Let’s look at some statistics to back up my realism: over the last decade, according to denominational statistics, the PCUSA has lost 20% of its official membership. From the 6 years of 1999-2004, our average rate of loss was 1.5% of our total membership annually. For the last 6 years (2005-2010), that rate has jumped to 2.6%. That means over the last 6 years we have lost members at a 73% faster rate than over the 6 earlier years. You may remember that in 2005, the Peace, Unity and Purity report, adopted by the 2006 GA, was made public. To say that we have been “building up the church, growing congregations and proclaiming the gospel effectively” is to blind oneself to the data. We have been trending from bad to worse.
As for planting new churches in the midst of closing or losing existing ones, here are the facts for the period from 1999-2010. The PCUSA was made up of 11,216 congregations in 1999. Over the last 12 years, we have established 248 new congregations, averaging a little over 20 per year. In the past we used to receive at least some congregations from other denominations or from independent status that wished to transfer in. In the last 6 years, that has dwindled down to an average of around 1 per year (these represent mostly Korean congregations wishing to affiliate with the “mother church.”) Of course in the last 12 years we have also lost churches either to institutional death, merger or dismissal. This number totals 1099, an average of roughly 91.6 per year. We now stand (2010 figures) at 10560 congregations, a total net loss over the last 12 years of 656 churches.

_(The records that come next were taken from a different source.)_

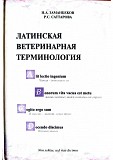Учебное пособие "латинская ветеринарная терминология" Заманбеков Н.а Караганда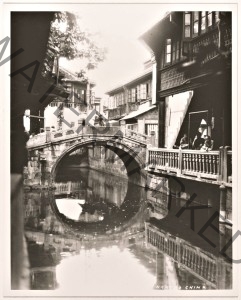 Siccawei Creek in Nantao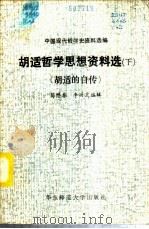 胡适哲学思想资料选 下 胡适的自传 1981 PDF电子版封面 2135·003 胡适著;葛懋春,李兴芝编辑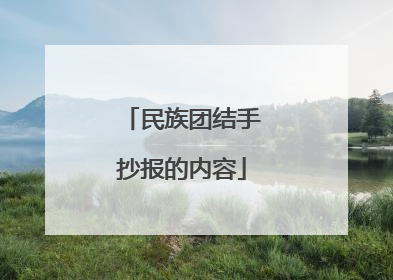 民族团结手抄报的内容
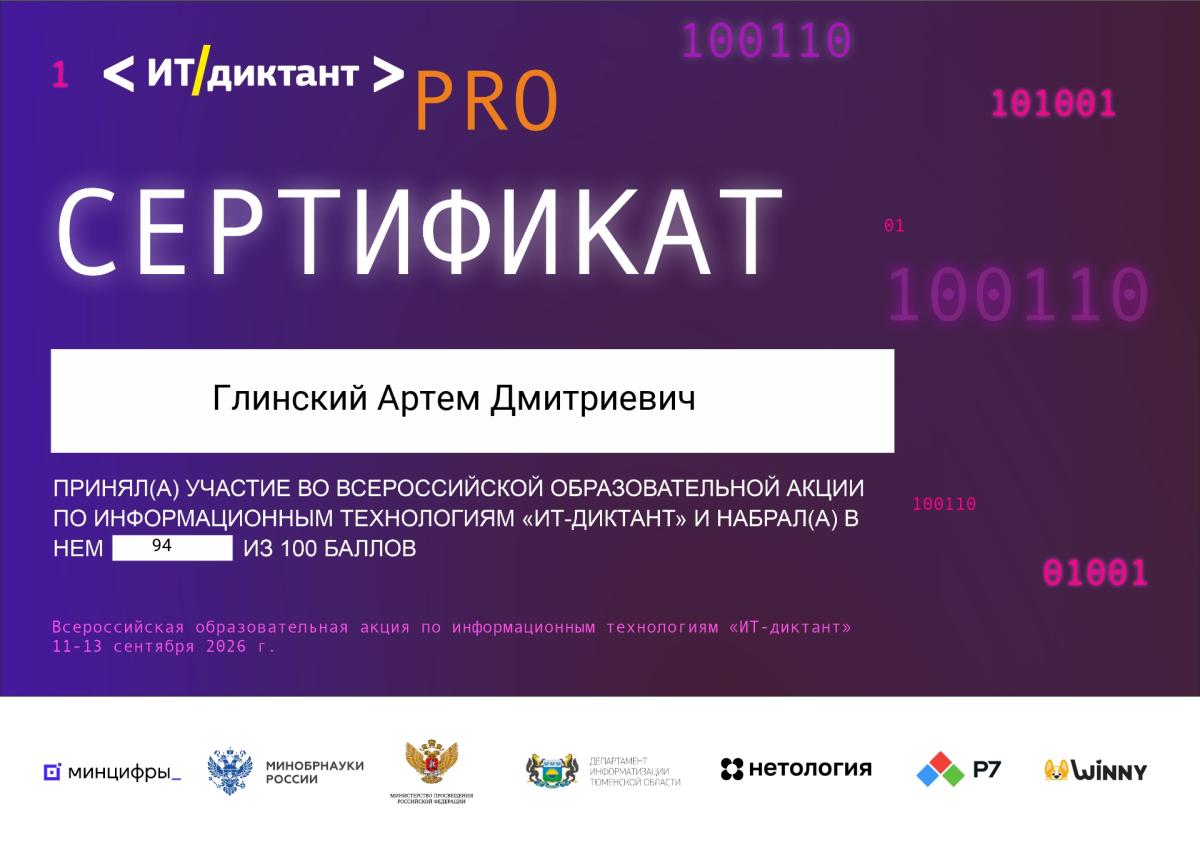«ИТ-диктант» Фото 7 «ИТ-диктант» Фото 7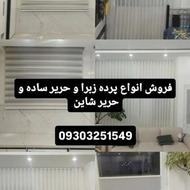 پرده کار کرده و نو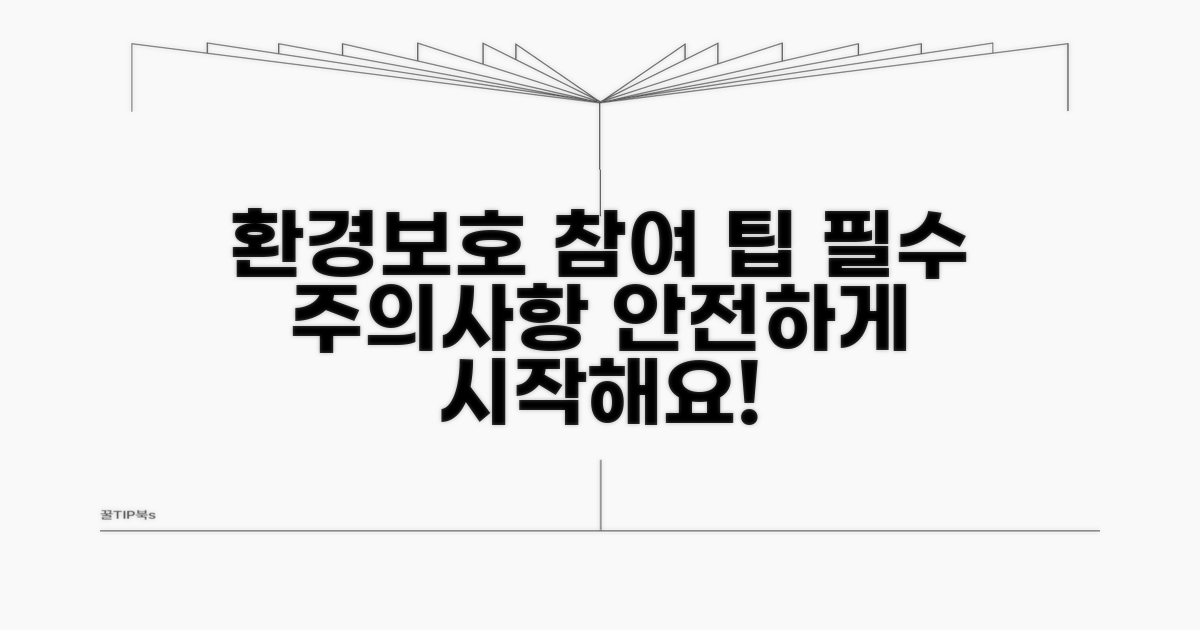 환경보호 참여 시 주의사항
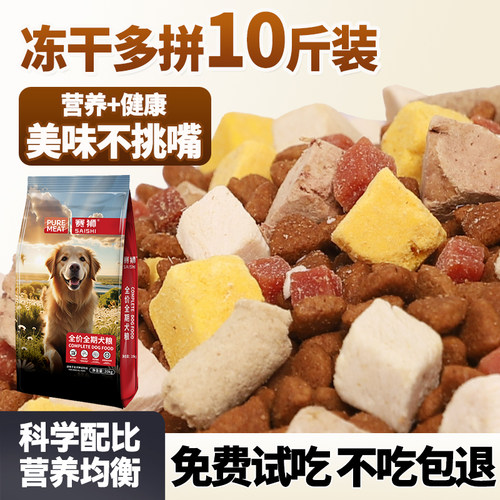 狗粮通用型10斤装成犬幼犬比熊成犬博美柯基金毛全价冻干粮实惠装 - 图0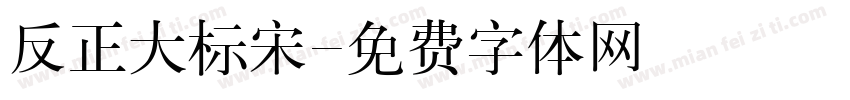 反正大标宋字体转换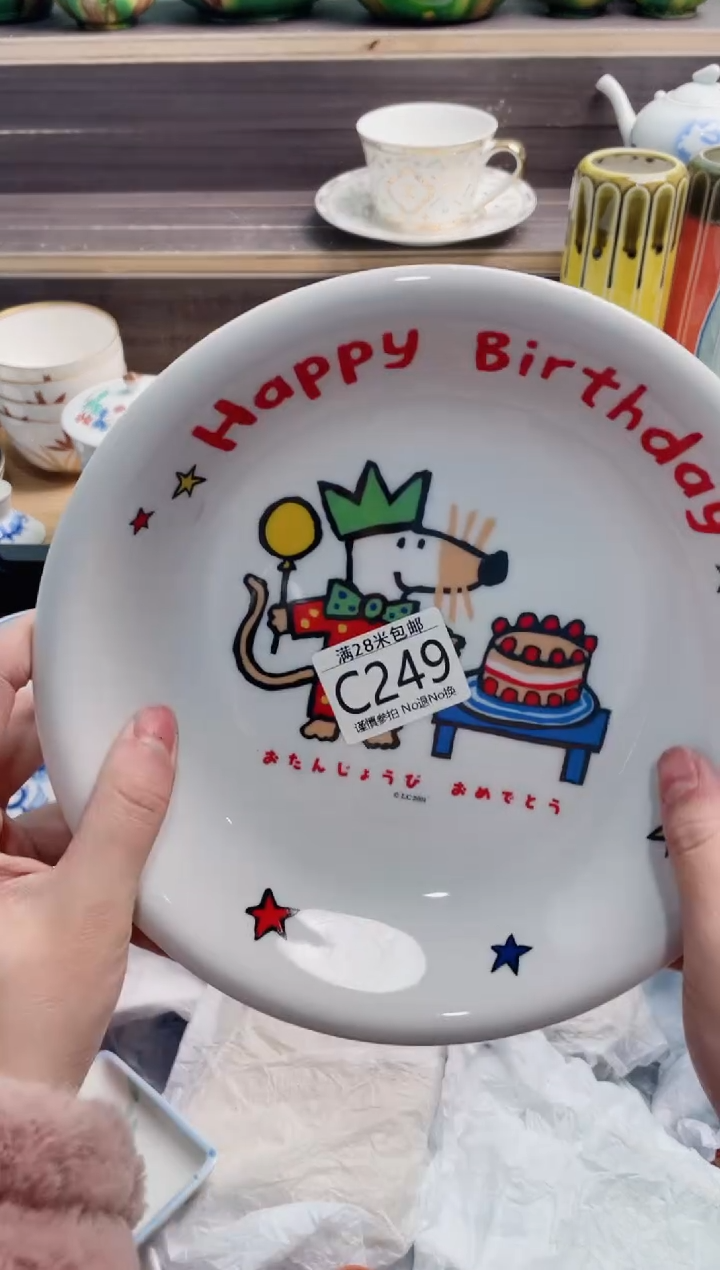 【闪购商品】C249***********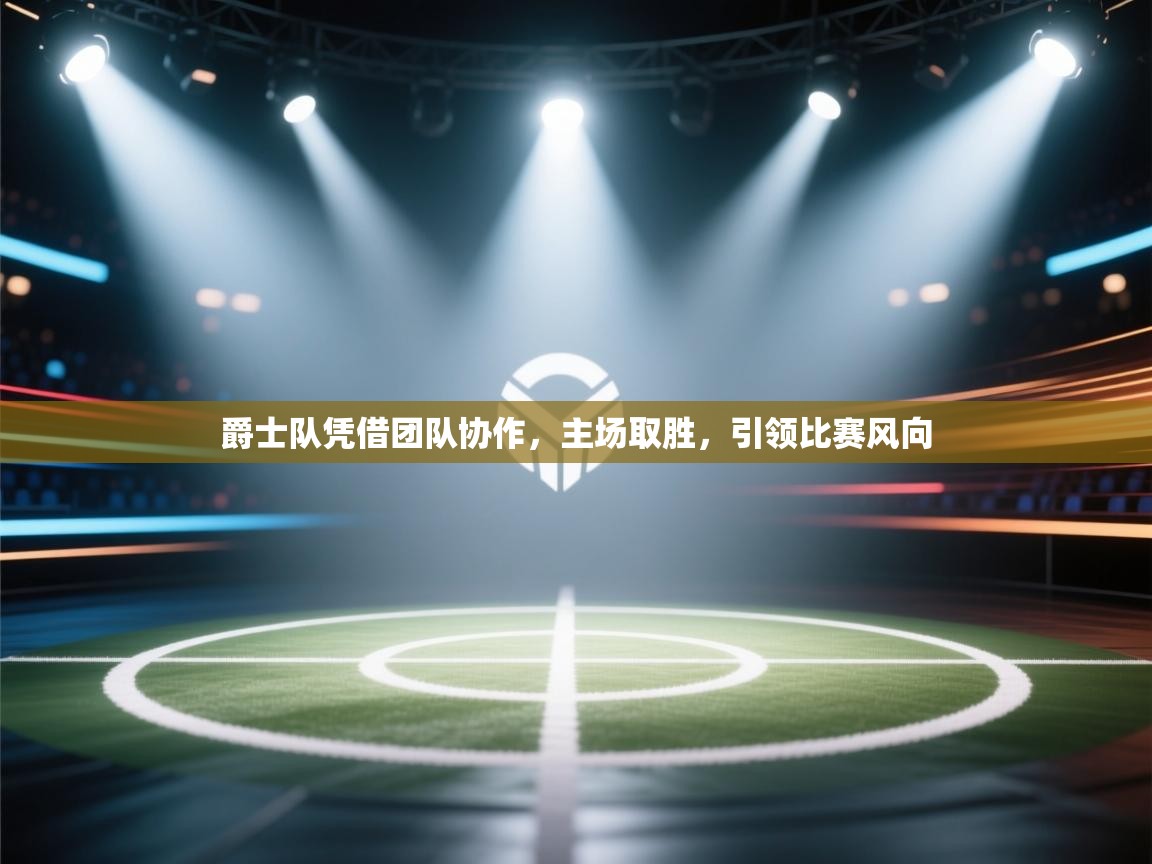 爵士队凭借团队协作，主场取胜，引领比赛风向  第2张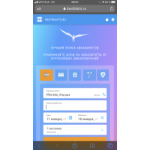 Все отзывы о Положительный отзыв Bestbilets.ru на stena-otzyvov.ru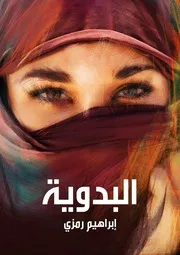 مسرحية البدوية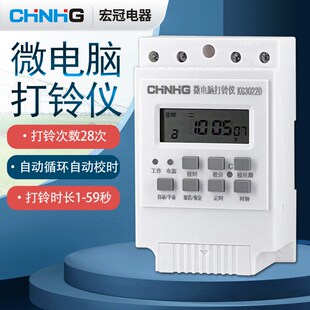 28次全自动电铃打铃仪公司工厂车间学校上下课打铃 仪定时开关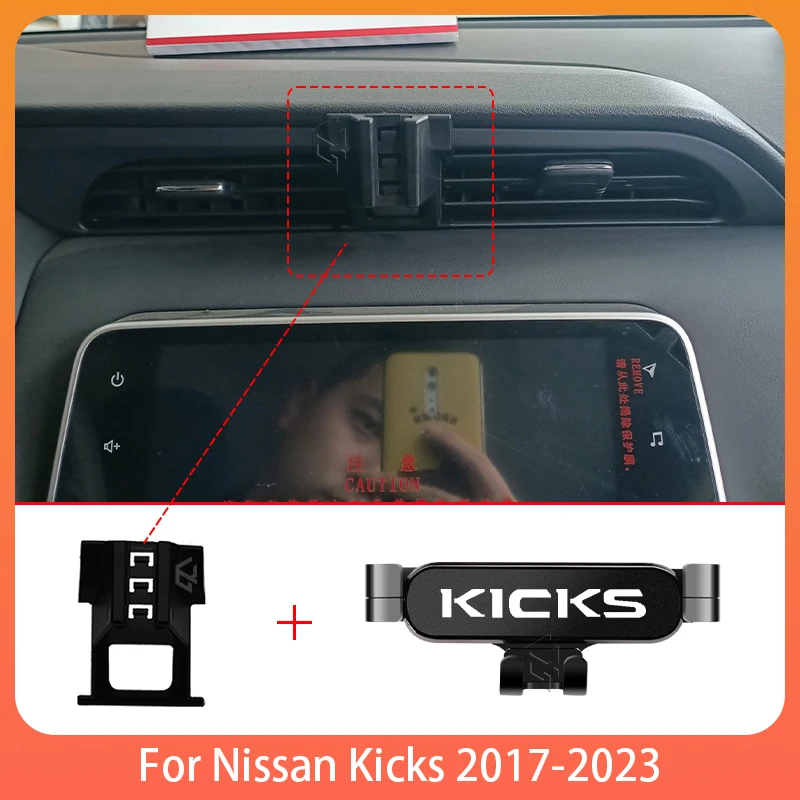 Samochodowy uchwyt na telefon komórkowy do Nissana Kicks 2017-2023 Regulowany specjalny uchwyt na telefon komórkowy GPS Podstawa do montażu na stojaku Akcesoria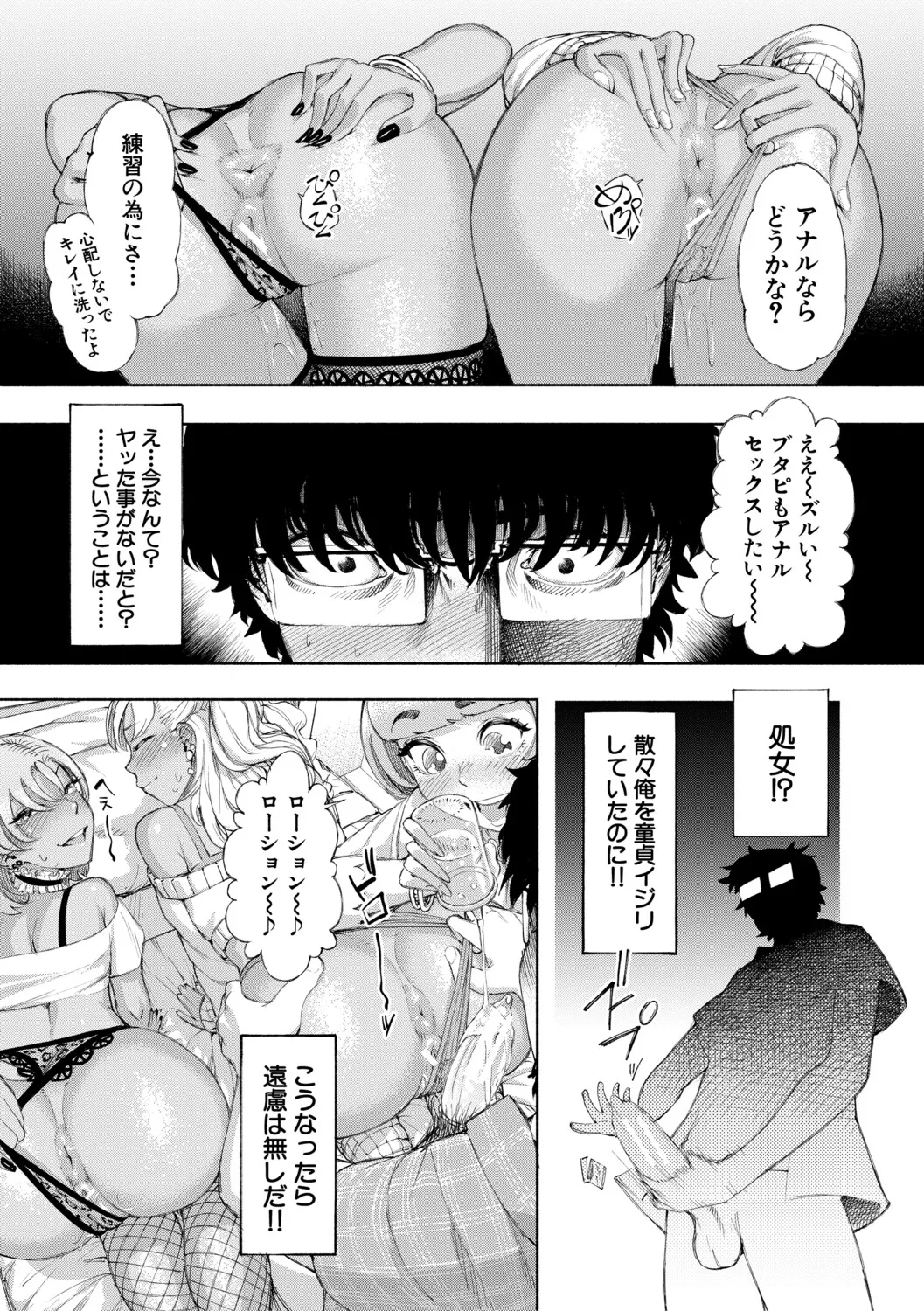 หน้า 32
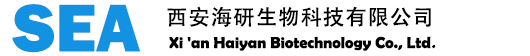 西安海研生物科技有限公司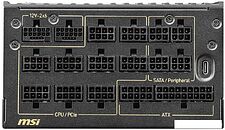 Блок питания MSI MEG Ai1600T PCIE5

So, how are we doing at growing the church deep and wide? Pretty miserably, when we look at the facts. If one were to compare our statistical trends to those of countries and their emigration rates vs. their immigration rates, I’m afraid we would mirror countries like Iran and North Korea (where people are straining to leave) more than the United States or England (where people are straining to get in). Yet this letter tells us that we have always been missional, that this is at the core of our being as a denomination, and that great things are happening. My response to the authors: your perception is not reality.